Que l’on invoque la liberté, tant mieux, bien sûr ! Il y a toutefois un hic lorsque l’invocation est à contre-emploi. L’est-elle dans ce cas ? Elle est à tout le moins discutable. Comprenons-nous bien, il ne s’agit pas ci-après de verser dans la condamnation ou le soutien inconditionnel, mais de discuter. Je sais, dans le concert d’invectives qui tient aujourd’hui lieu de débat jusqu’à déborder trop souvent en déchainements de haine et de violence, discuter calmement est une gageure. Ce n’est pas parce que cela semble hors saison qu’il faut renoncer.

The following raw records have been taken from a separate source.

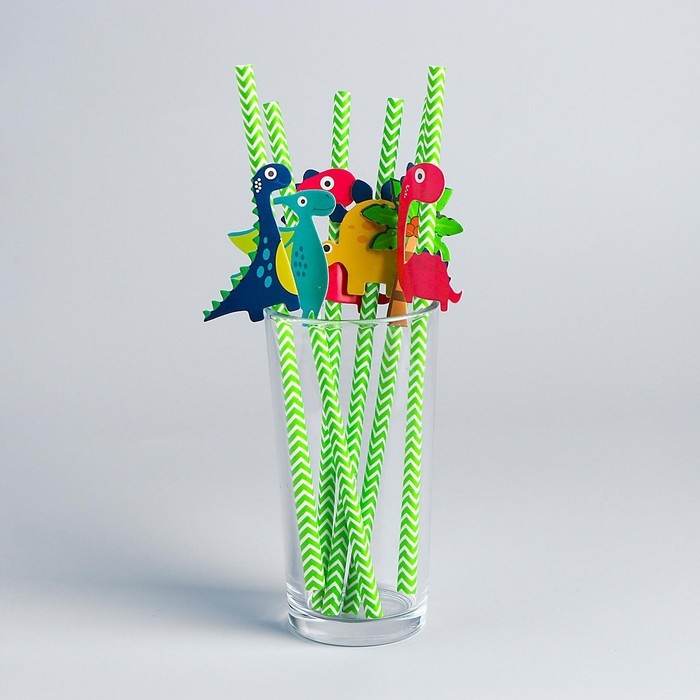 Трубочки для коктейля «Динозаврики», набор 6 шт. Трубочки для коктейля «Динозаврики», набор 6 шт.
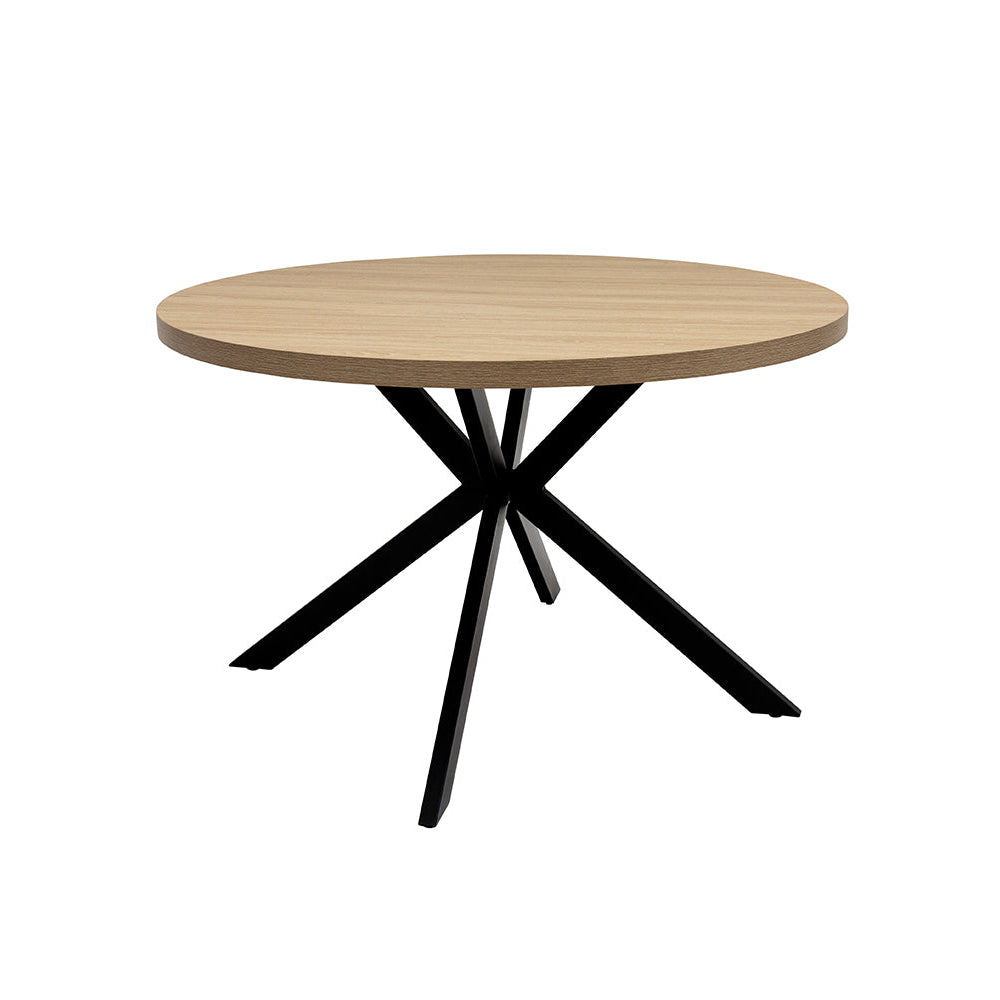 Jude round oak dining table with black X-frame base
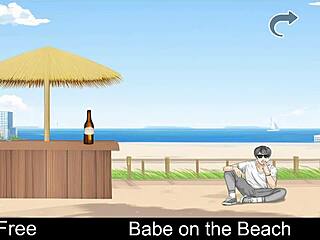 Babe dominates the beach in hentai action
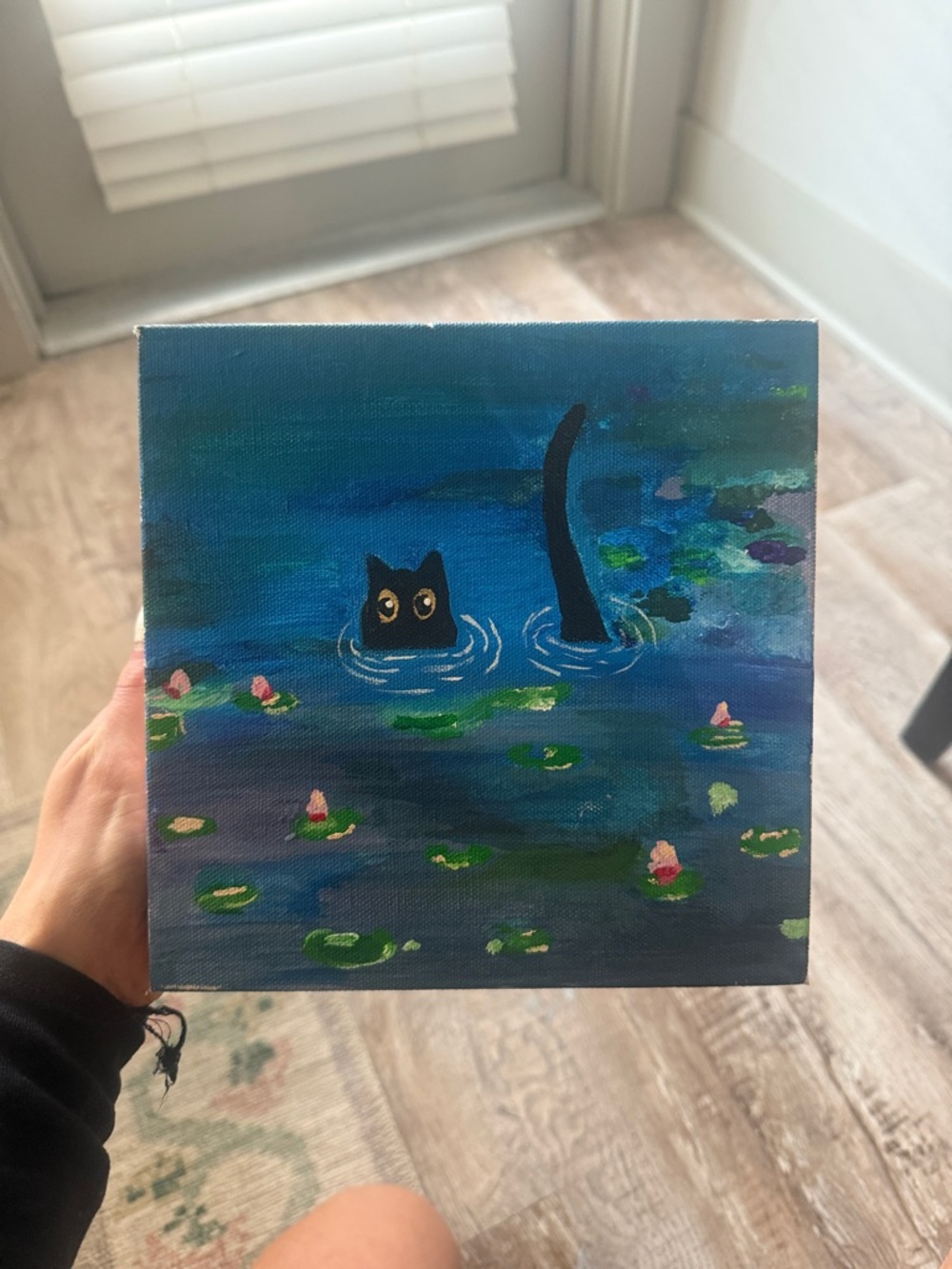Hand-Painted Cat in Pond Canvas - Blue & Green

On peut comprendre que des personnes réticentes ou résistantes à la vaccination - étant observé que ne sera pas ici examinée la délicate question que pose cette attitude alors que l’on ne peut ignorer que la vaccination nous a permis de vaincre, entre autres fléaux, la variole, tuberculose, la poliomyélite et qu’elle se présente comme la meilleure parade que nous ayons trouvé contre la covid-19 - puissent ressentir les mesures de restriction qu’incorpore et symbolise le passe sanitaire, comme une atteinte à leur liberté dans ce qu’elle a de plus personnelle : la liberté d’aller et venir comme bon nous semble. La liberté, c’est d’abord une sensation et sa privation un manque frustratoire et douloureux. Or, tout en approuvant la stratégie de gestion de la crise sanitaire – a-t-on fait mieux ailleurs, en Europe ? – on ne peut qu’admettre que la verticalité de la prise de décision, la pauvreté des débats et la tendance à l’infantilisation de la population, ne sont pas propices à l’appropriation par tous les citoyens de la politique sanitaire.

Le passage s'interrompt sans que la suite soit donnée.